A total of 51 individuals, three in Athens and 49 in Thessaloniki, were arrested over the past two days in separate police raids at the University of Athens’ Zografou dormitory and the Aristotle University, respectively.
The twin police raids on university premises, which a few years ago would have been an extremely rare occurrence, came after a barrage of fire-bombings of vehicles and property adjacent to the Zografou campus in east Athens by masked individuals that exited the latter.
The move more-or-less signals a crackdown on so-called “anti-state” groupings and self-styled “anarchist collectives” that use university premises as a base from which to store materials and launch attacks. In previous years law enforcement authorities avoided entering university premises due to a strict “asylum” law in place for higher education campuses.
The trio of arrested individuals at the Zografou dormitory, according to state broadcaster ERT, included a female Swedish national, an Argentine man travelling with an Italian passport and a local man.
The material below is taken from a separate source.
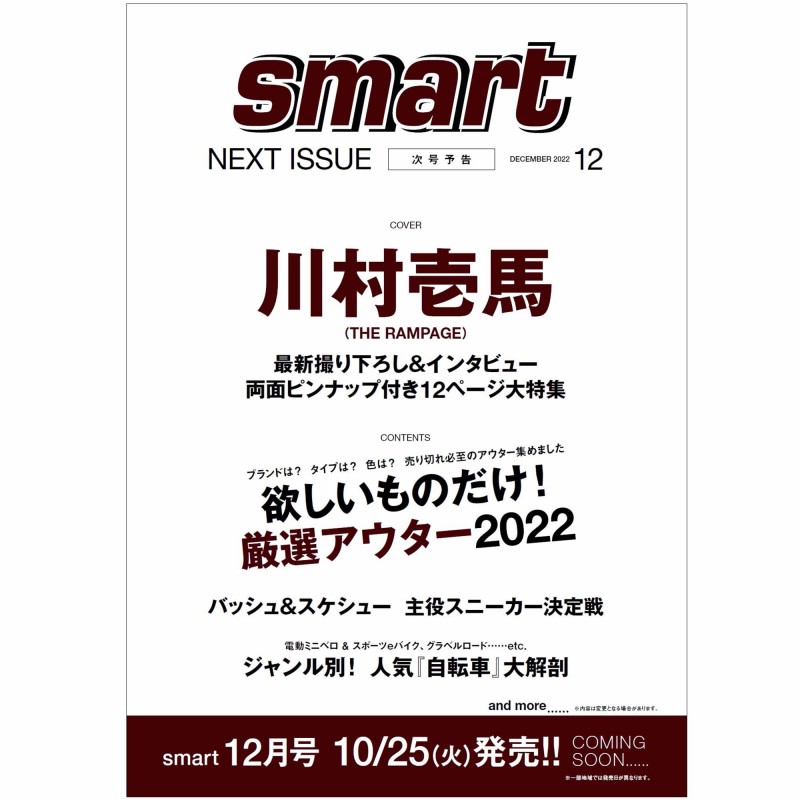 22年8月号 Smart スマート 宝島社の男性ファッション誌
Police said none of the three had any affiliation with the university, with an investigation underway as to how they ended up lodging in the students’ dormitory.
The 49 suspects – 30 men and 19 women – in Thessaloniki face a charge of grave interruption of legal public entity (a university in this case) and 48 face a charge disobedience for refusing to give fingerprints.
During the Thessaloniki operation, police said they discovered clubs, flares, sledge hammers, flash-bang grenades and numerous helmets.
The “get tough” pivot by Greek authorities, coming after this past week’s street vandalism in Zografou, was even cited by Greek Prime Minister Kyriakos Mitsotakis, who issued a statement noting that “…We won’t allow so-called parties on university campuses to evolve into festivals of blind violence and destruction.” He also cited what he called “isolated minorities” who engage in illegal occupations and vandalism.